● Required work: Keep the pictures out. Copy every line of the listing exactly.

● Data:

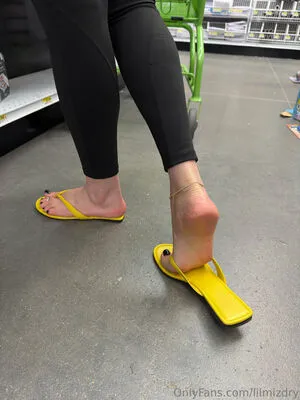 Lilmizdry OnlyFans Leaked Free Thumbnail Picture - #9yl3HHFKbl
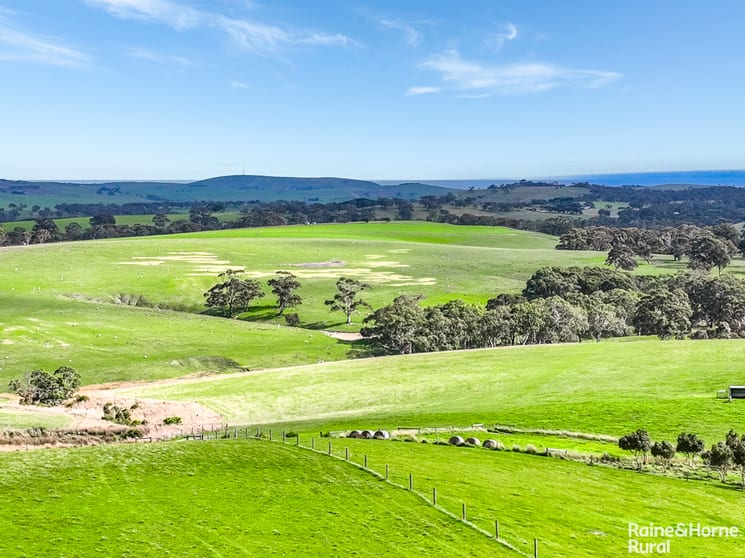 Click to view all images 91 Coomooloo Road Inman Valley SA 5211 - Image 1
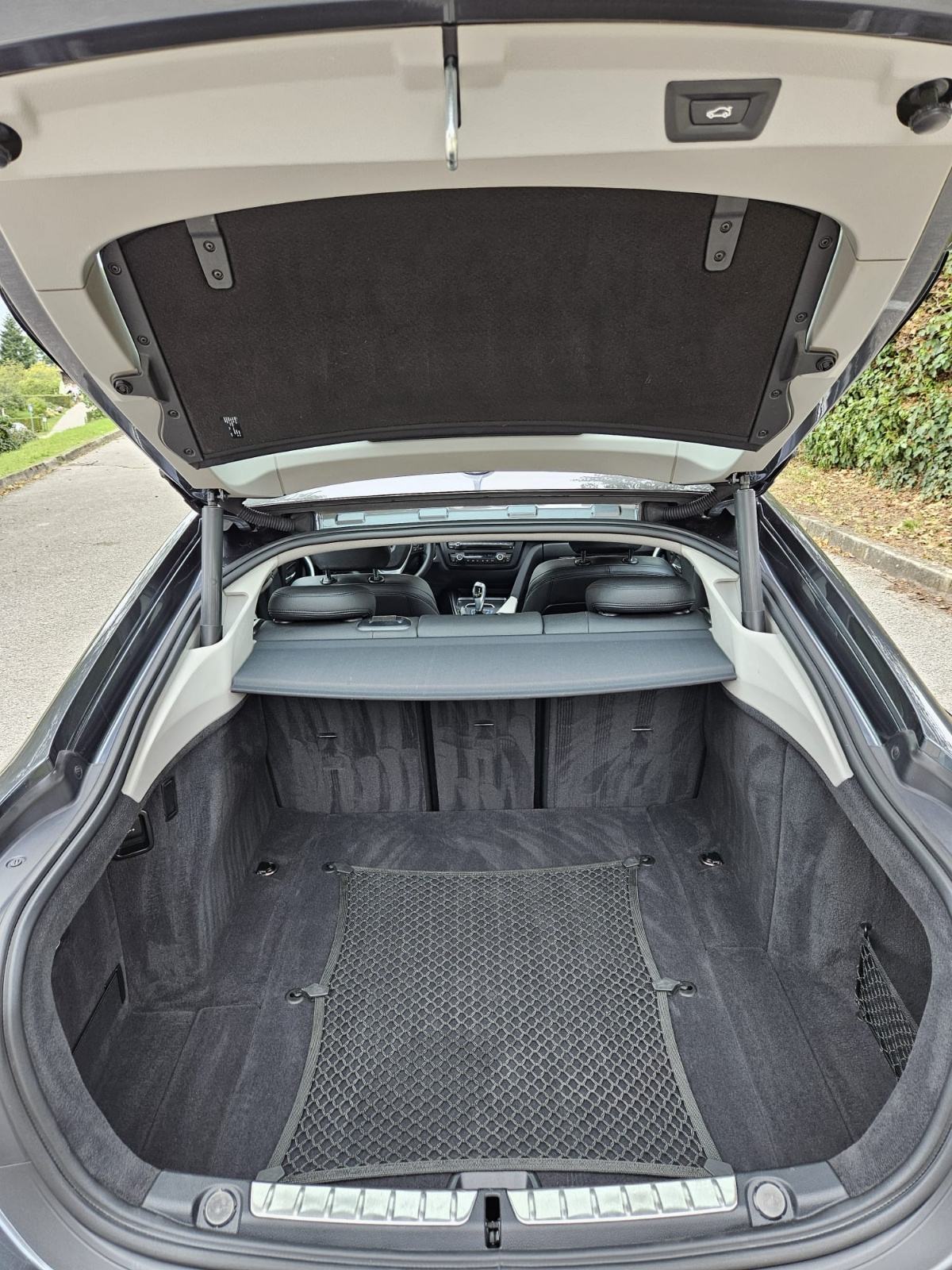 BMW serija 4 Gran Coupe 418d automatik, fotografija 9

● Exercise output:
 Lilmizdry OnlyFans Leaked Free Thumbnail Picture - #9yl3HHFKbl
 Click to view all images 91 Coomooloo Road Inman Valley SA 5211 - Image 1
 BMW serija 4 Gran Coupe 418d automatik, fotografija 9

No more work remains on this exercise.